◆ **TASK STATEMENT**:
The line containing "AK / Ansichtskarte" marks the start of the required copy, which runs to the final line of the entries; return those lines exactly, without any pictures.

★ ★ ★

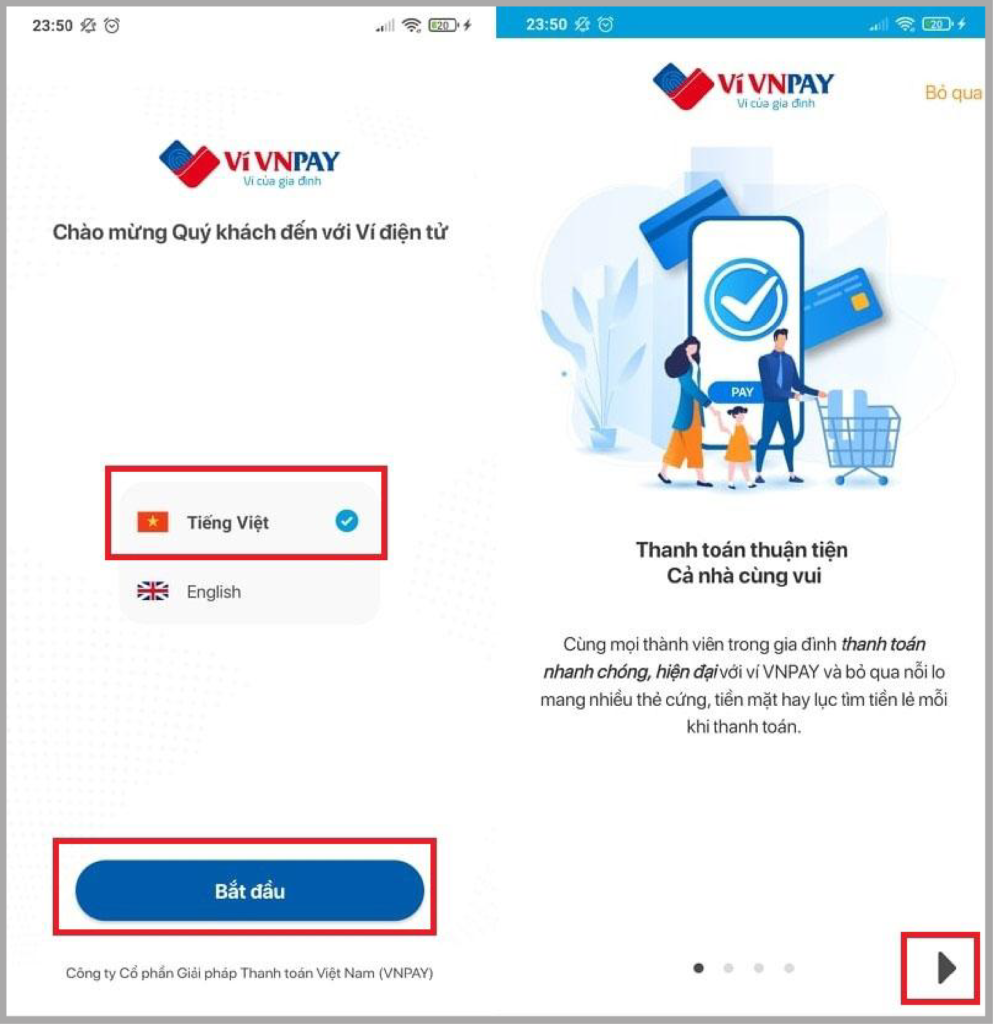 Tải app và đăng ký tài khoản VNPAY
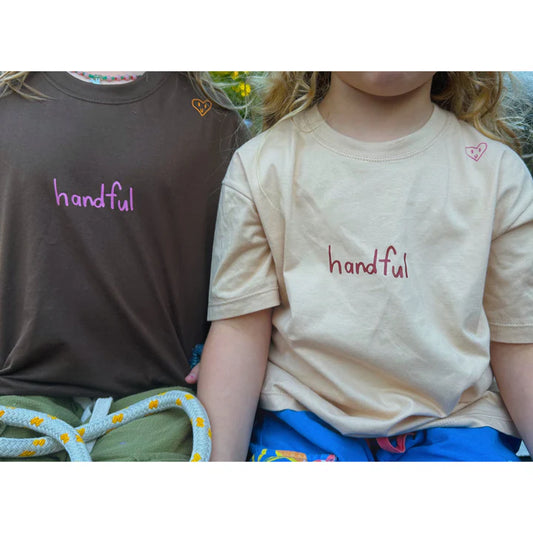 Handful Kids Tee in Creme Brulee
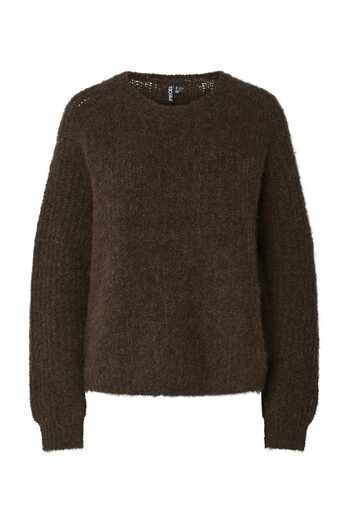 PIECES Pccleo Ls O-Neck Chunky Knit Noos Bc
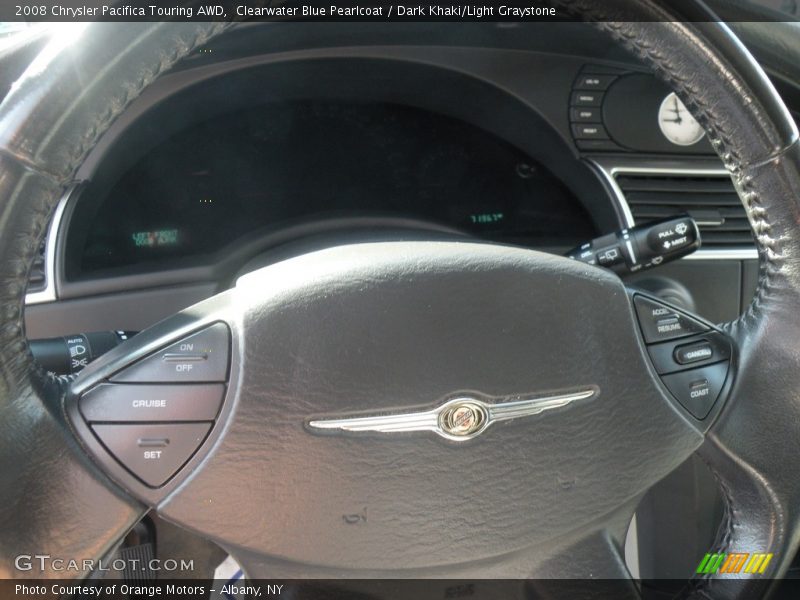 Clearwater Blue Pearlcoat / Dark Khaki/Light Graystone 2008 Chrysler Pacifica Touring AWD
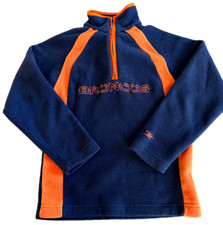 Reebok Boy's Medium 10/12 Denver Broncos Fleece 1/4 Zip Pullover
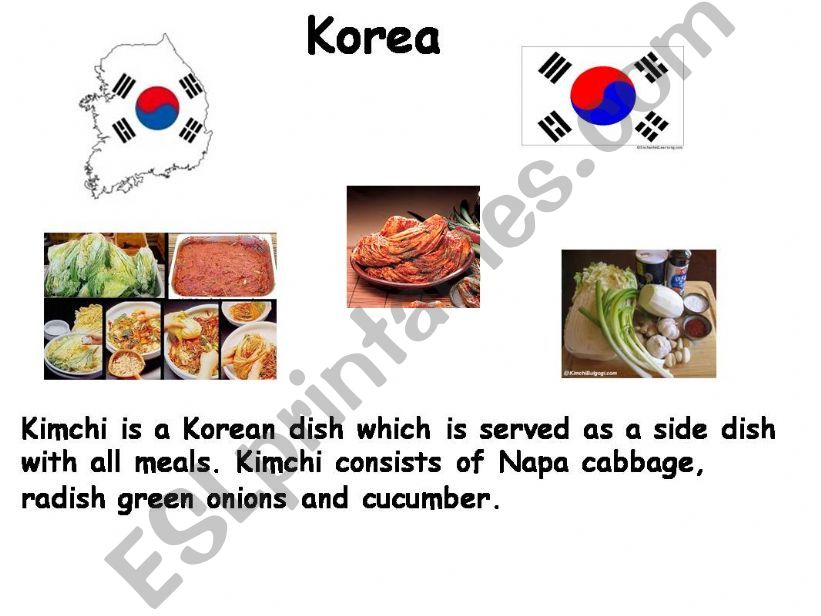 Food around the world. powerpoint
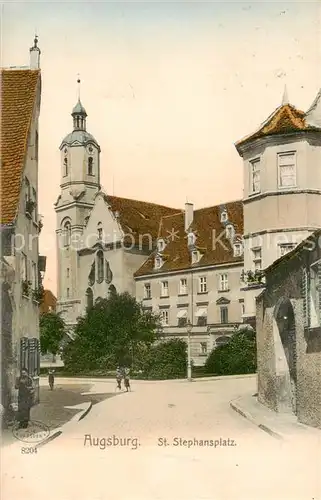 AK / Ansichtskarte  Augsburg St Stephansplatz Augsburg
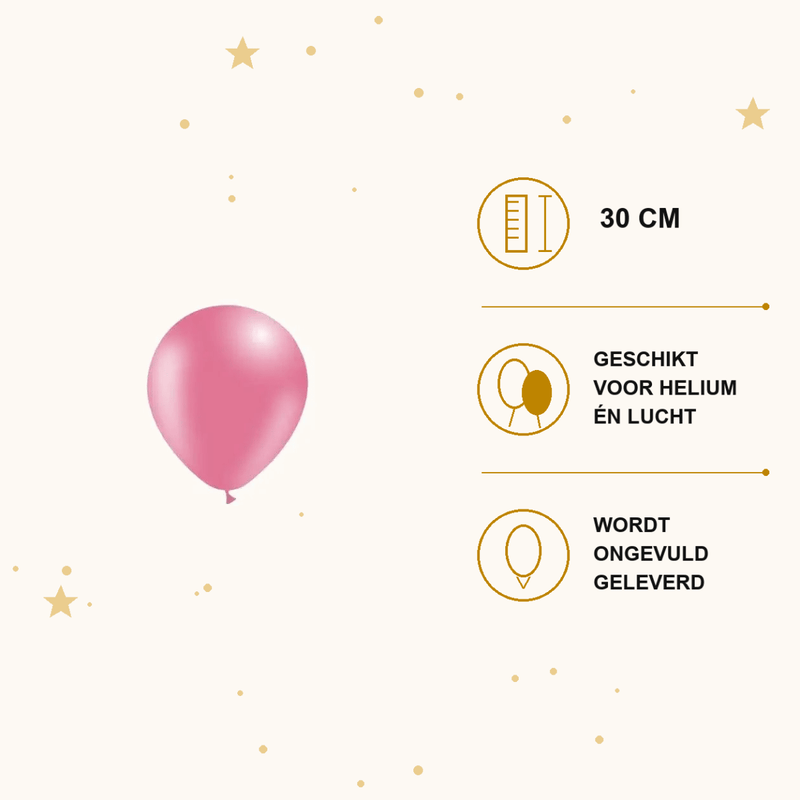 Roze Ballonnen 10 Stuks 30 cm - Ballonnenshop.nl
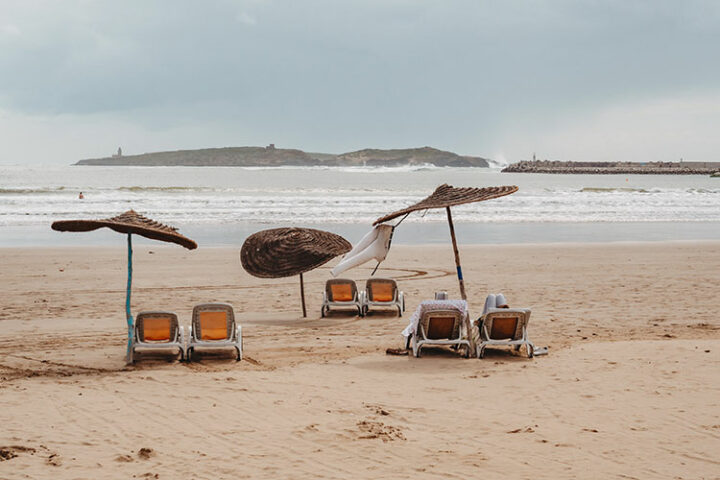 Strand Essaouira, Marokko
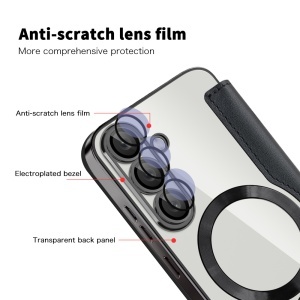 Husa pentru Samsung Galaxy S25 - Techsuit SmartMag Book Case - Black - Img 3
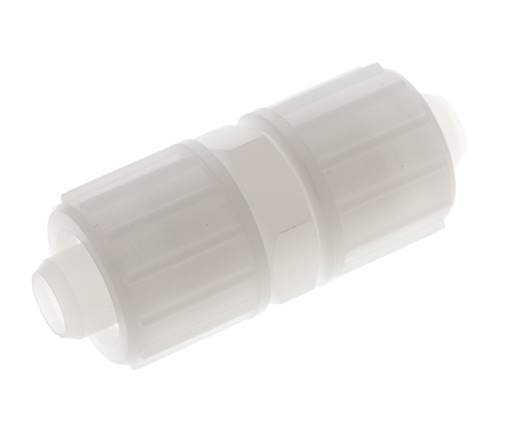 20x13mm PVDF Druckverschraubung gerade 10 bar PVC und PA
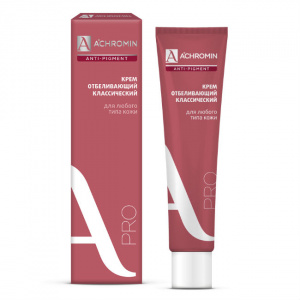 Купить: Achromin 45 мл крем отбеливающий с УФ фильтрами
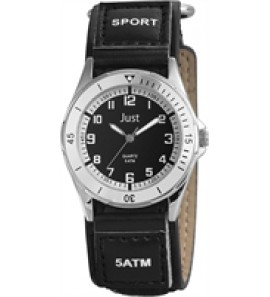 Just kiderhorloge met lederen armband - 3182822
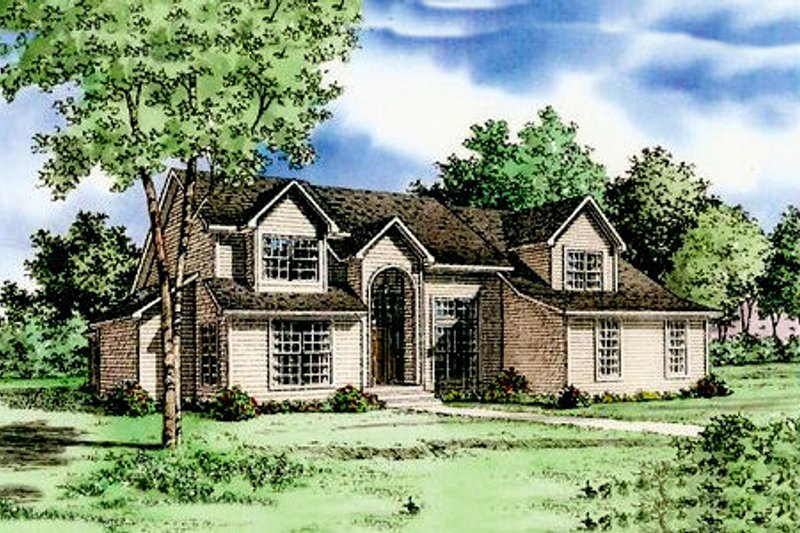 Traditional Style House Plan - 3 Beds 3.5 Baths 3068 Sq/Ft Plan #405-102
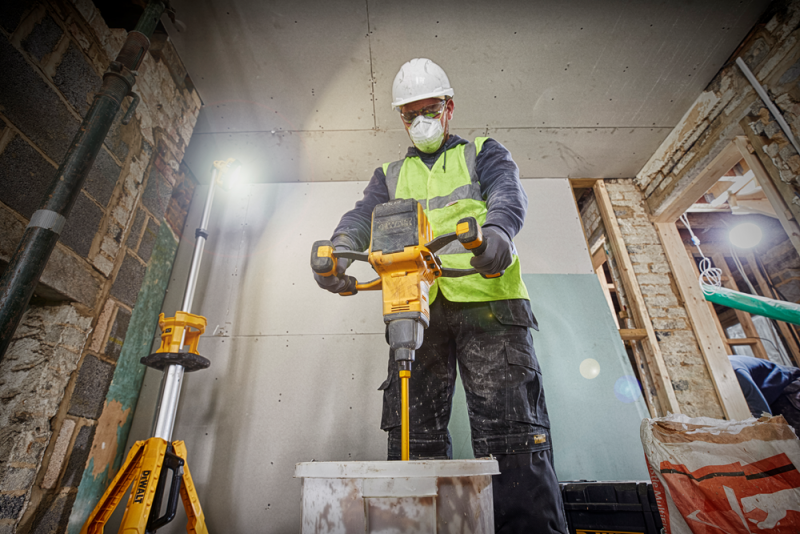 DeWALT DCD240N 54V Li-ion XR FlexVolt Accu Mixer Body - M14 - 160mm - Detailed view of the product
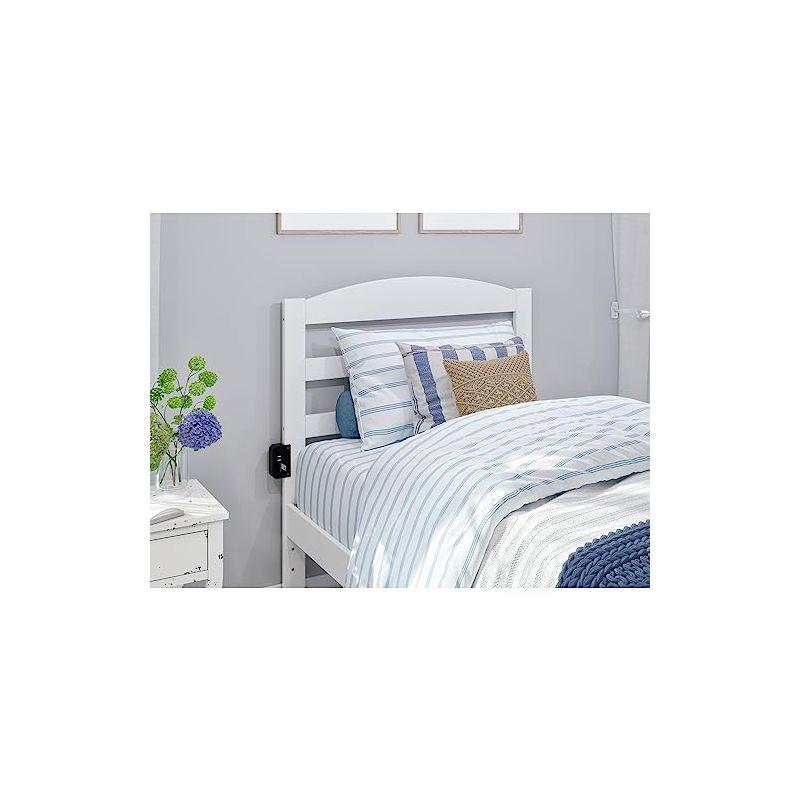 AFI Furnishings Warren Platform Bed T WH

★ ★ ★

◆ **EXERCISE OUTPUT**:
 AK / Ansichtskarte  Augsburg St Stephansplatz Augsburg
 Roze Ballonnen 10 Stuks 30 cm - Ballonnenshop.nl
 Strand Essaouira, Marokko
 Husa pentru Samsung Galaxy S25 - Techsuit SmartMag Book Case - Black - Img 3
 20x13mm PVDF Druckverschraubung gerade 10 bar PVC und PA
 Купить: Achromin 45 мл крем отбеливающий с УФ фильтрами
 Just kiderhorloge met lederen armband - 3182822
 Traditional Style House Plan - 3 Beds 3.5 Baths 3068 Sq/Ft Plan #405-102
 DeWALT DCD240N 54V Li-ion XR FlexVolt Accu Mixer Body - M14 - 160mm - Detailed view of the product
 AFI Furnishings Warren Platform Bed T WH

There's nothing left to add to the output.